Obviously there was always a continuum involving Germany (House of Hanover); France (Anjou); the Romans; and the Scots/Picts.
Shakespeare wrote several "history" plays, but it certainly seems Richard III is his most cited / known history play. I don't know. That's my two cents worth, but if true, it again shows how simply brilliant the "real" Shakespeare was. The "real" Shakespeare knew his family very, very well, and had the "big picture" figured out. If Richard III is his best history play, it suggests he was well aware that Richard III was the "nut" to understanding modern British history.
Perhaps equally important or maybe even more central to modern British history was his mother, Cecily Neville. Cecily married into peerage when she married Richard of York, the 3rd Duke of York.
Cecily was the mother of two English kings; and, the grandmother of an uncrowned English king.
From wiki, one can see how the mother-son (Cecily/Richard) feud might have become a compelling family story for Shakespeare: a mother, who, in the end, absolutely detested her least / last born (actually there was a twelfth but that one, a baby girl, died early).
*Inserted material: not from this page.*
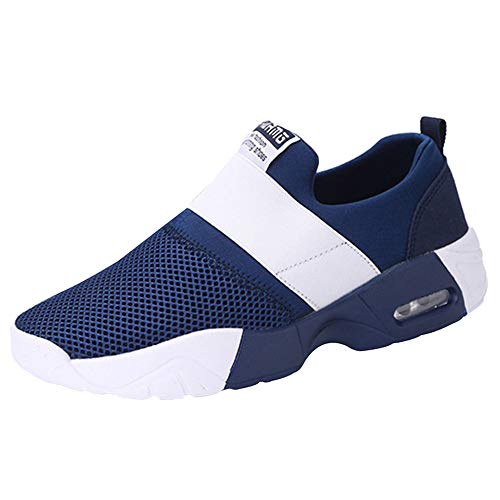 zpllsbratos Chaussures Air Running Sport Fitness Femme Homme Baskets sans Lacets Mesh Respirante Outdoor Marche Gym Fitness(Bleu,42 EU) Cover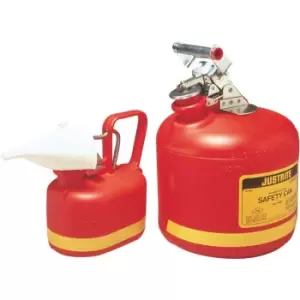 Image of Type I Safety Can, Round Nonmetallic, S/S Hardware, 5 gallon, flame arrester, polyethylene, Red.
Richard III is the fourth play of the Henry VI tetralogy.
What has always mystified me is where the name "Plantagenet" came from. Apparently no one knows for sure. The bottom line is that a sideshoot of the royal family, for some odd reason adopted "Plantagenet" as his family's name. And apparently, the name was "retractive" to his ancestors.
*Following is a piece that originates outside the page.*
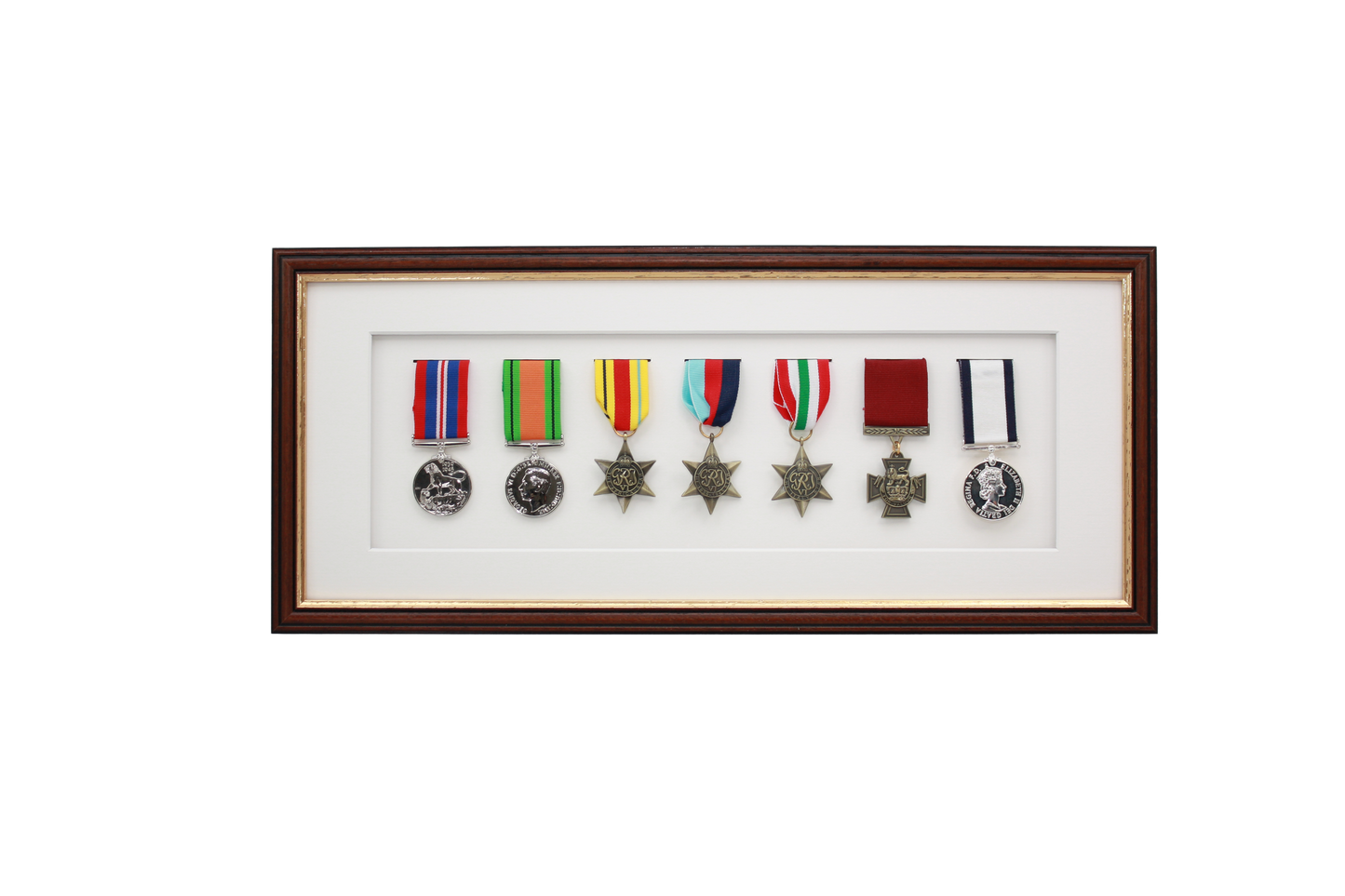 Military Medal display Frame for Seven Medals. Traditional Range. - PhotoFramesandMore - Wooden Picture Frames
Richard Plantagenet and his wife Cecily nee Nevin had twelve children. Many died early. Among the boys, the first was Henry; Henry of York died in infancy. The second son became King Edward IV.
Along the way there was a falling out among the family. Apparently the youngest, the runt of the family, Richard, had had enough teasing. He ultimately turned against the rest of his family, including his mother and his older brothers Edward IV, Edmund, and George. He ultimately "stole" the throne from many more "entitled" and became the infamous King Richard III.
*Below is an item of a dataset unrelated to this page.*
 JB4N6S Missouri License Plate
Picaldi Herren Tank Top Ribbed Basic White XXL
Back to the Plantagenets. The House of Plantagenet traces its history back to a huge landed royal house in Anjou in France. Angers, the capital of Anjou, is about three hours driving time southwest of Paris.
I don't know if any of these guys had "real" last names, but going far enough back one finally finds "Longshanks" as the paternal family name that eventually begot Richard of York, the 3rd Duke of York. I can understand why he didn't like the "Longshanks" name -- if indeed that was the family name. Perhaps the family name had long been forgotten. Regardless, Richard had spent a long time in France, and along the way decided to adopt "Plantagenet" as the family name. In France there evolved two royal houses of Plantagents (now pretty much lost to world history) and two "cadet" Plantagenet houses came to be in England: the Lancaster branch and the York branch of the Plantagenets.
The white rose (York) and the red rose (Lancaster), respectively.
To be continued, maybe. [Later: unlikely any more notes: will finish the book by enjoying it and not taking (many) notes.]
I may have some (or all) of this wrong. If it's important to you go to the source.